Day 55: Sharing my happy with you

Me at age 4, looking very much like my daughter... but she wouldn't be caught dead in all yellow.

Hmm… ok, so I totally dissed going through my old photos. I did it anyway. But this time in a new frame of mind. I am not trying to get rid of them to make space. I am going through them to find insight. It’s really difficult to find a new photo to add to a new post each day. Sometimes I don’t write just because I don’t have any interesting image to illustrate what I am thinking. It’s the image it seems that gives me focus. The image that adds 1000 words to my 500-ish. Now I have at least three others queued up for those dry spells.

The insight I am looking for in these photos is what this archiving phase is really all about. Otherwise, it would be called the de-clutter phase. I am searching these photos, digging up memories, trying to find the best versions of myself. I hope to harness those elements to create my future self. Silly me, I don’t have to scan ALL the photos, just the ones that make me really really happy and I want to share with you. Sigh.

How could this photo not make me happy. Who is happier than a small child from Maui having to put on cool yellow rain gear to properly splash in puddles in a Northern California fall? Also, I didn’t get a whole lot of new clothes as a child of a single mother. I think everything under this coat was new, paid for by my Grandpa. I would probably be that happy again today if Grandpa bought me a new outfit.

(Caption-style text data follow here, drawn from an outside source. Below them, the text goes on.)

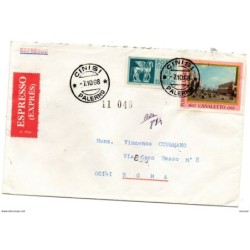 Carta express con matasellos cinisi de 1968
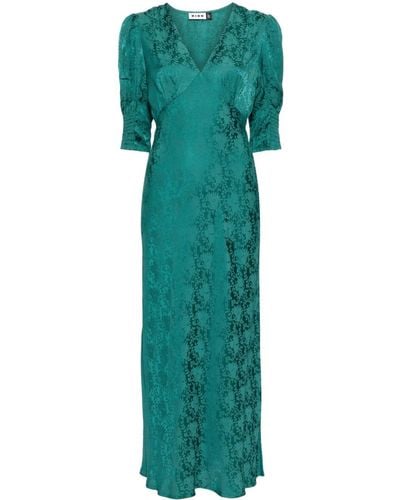 RIXO London Zadie Floral-jacquard Dress - Green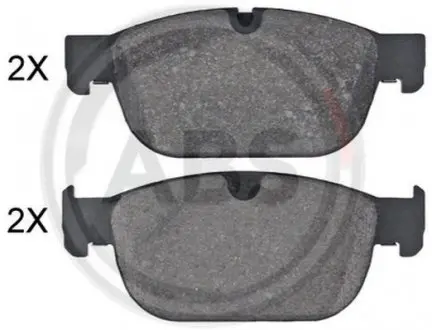 Тормозные колодки дисковые передние ABS A.B.S. 35151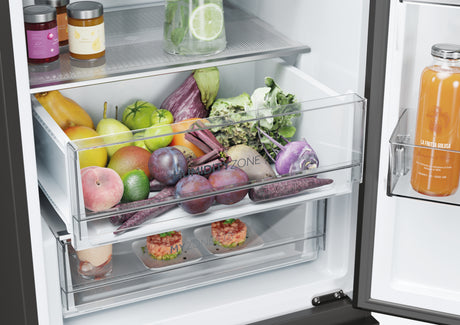 Réfrigérateur combiné - HAIER - 3D 60 Series 5 HTW5618ENPT - Classe E - 360 L - 185 x 59,5 x 66,7 cm - Noir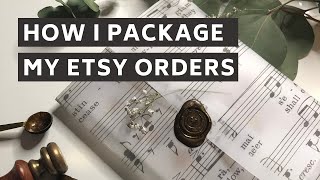 How I package my Etsy orders | Stickers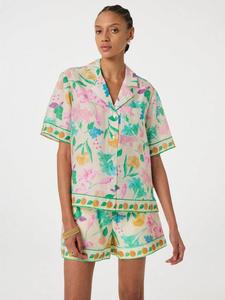 Блузка Brock с коротким рукавом и цветочным принтом Fabienne Chapot, Multi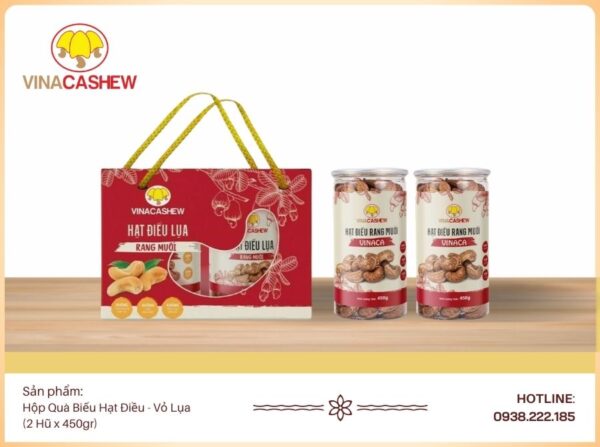 Hộp Quà Tặng Hạt Điều - Vỏ Lụa 450gr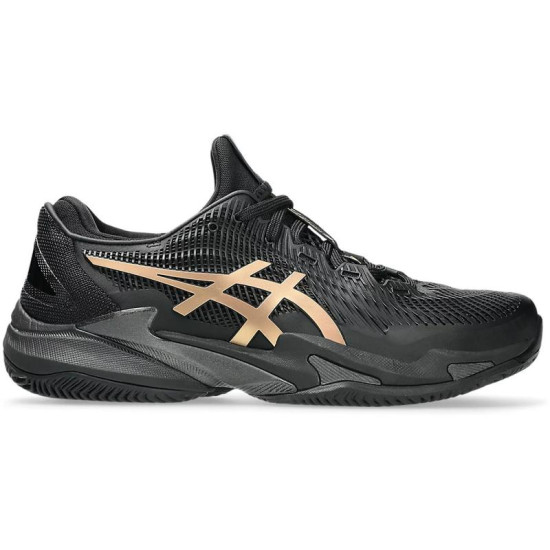 Zapatillas Asics Court FF 3 Novak Clay Night Energy Negro Oro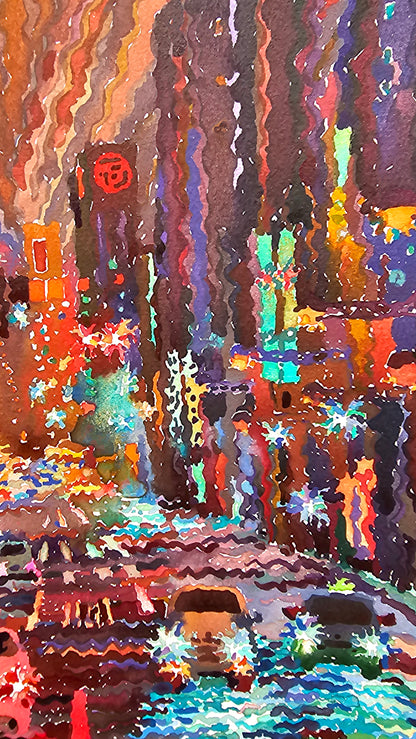 Tokyo Watercolor Painting by Tanbelia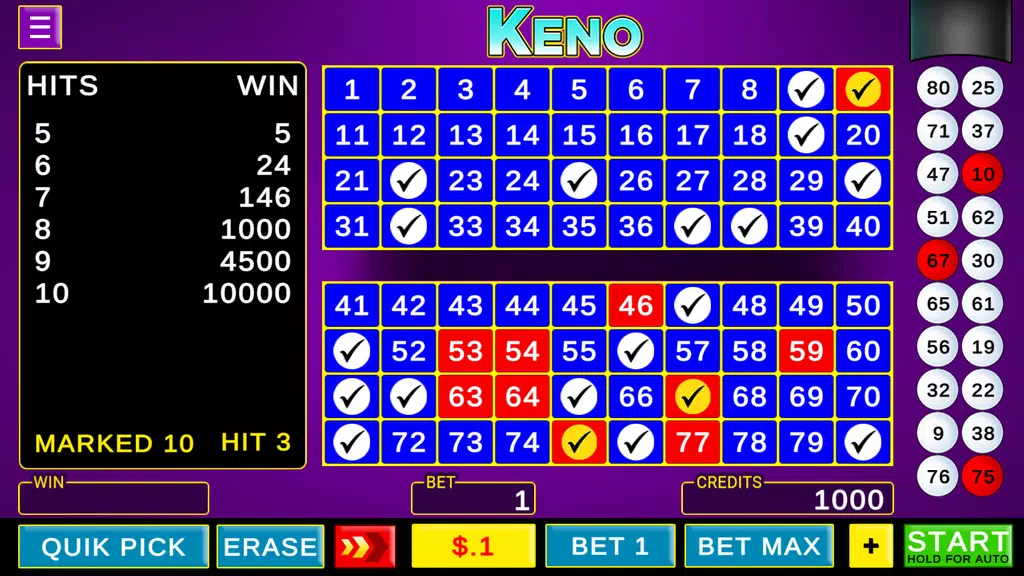 Keno - Las Vegas Games Offline Screenshot2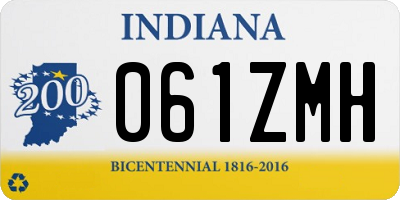 IN license plate 061ZMH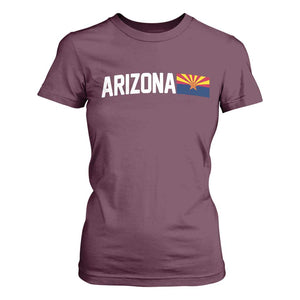 Vintage Arizona AZ State Flag T Shirt For Women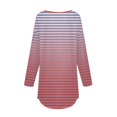 thumbnail image 5 of Fall Clothes for Women Plus Size Women's Loose Round Neck Leaf Print Long Sleeve T-Shirt Top Pullover, 5 of 5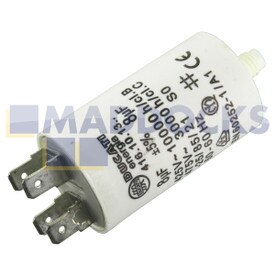 Capacitor Indesit Original Genuíno (8uF / 8MFD, 450VAC)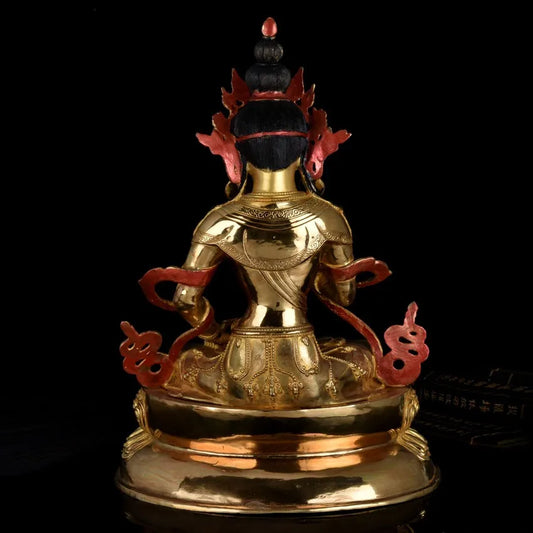 TOP GOOD Buddha # HOME Talisman efficacious Protection # Tibetan Buddhism the Buddha Vajrasattva Gilding brass statue 48 CM
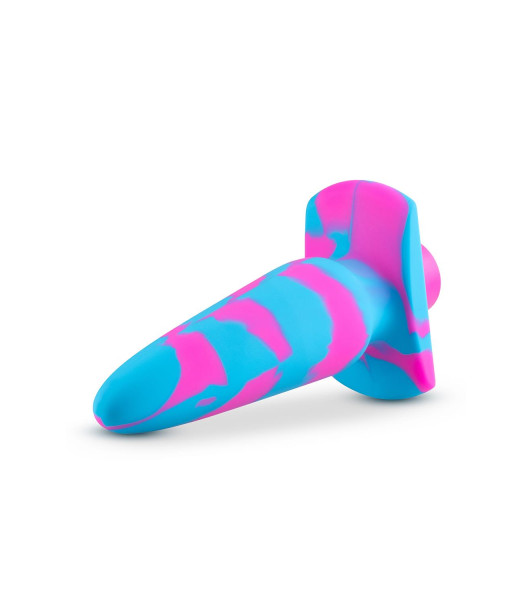 Blush Avant pink and blue vibration anal plug, 12.7 x 3.1 cm - 1 - notaboo.es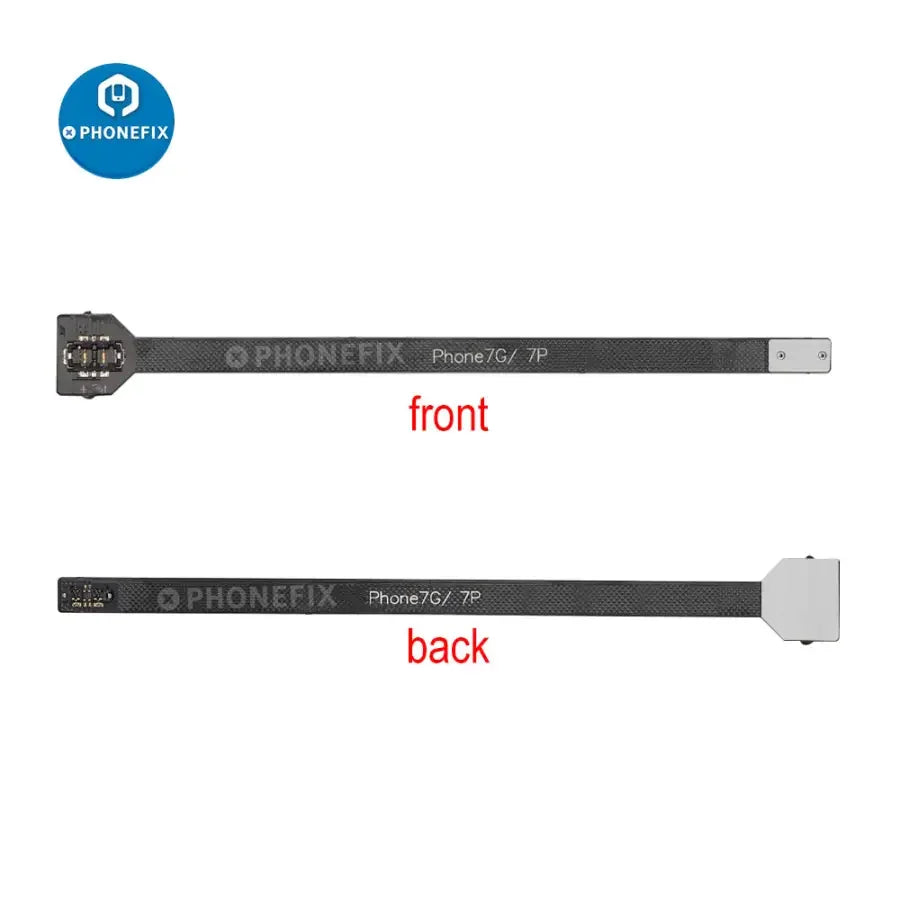 Battery extension flex cable for iPhone 6S, 7, 8P, XS, 11, 15 Pro Max from PHONEFIX, used for battery replacement.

Right now I have two books on my nightstand (from the library). Redirect by Timothy D. Wilson and Public Parts by Jeff Jarvis. I am finished with the former and just a chapter into the latter. Tim may not be as good at writing as Jeff is, but he is a pretty damn good scientist. He proposes that so many of our societies ills and traumas could be cured with story editing. He describes a method for re-writing how you see yourself. By changing our own self image, we can be happier, more successful and healthier – and this is all proved with scientifica studies.

If we could merge this “surprising new science of psychological change” with the message in Jeff’s book, “how sharing in the digital age improves the way we work and live,” you would end up with more or less what I am doing here with this blog. I think sharing my photos – the happy ones – could help me edit my self image. The images that will follow in the coming week are the moments I am thankful for, and get to the core of my happiness. So have a Happy Thanksgiving, from Harmony, Age 4.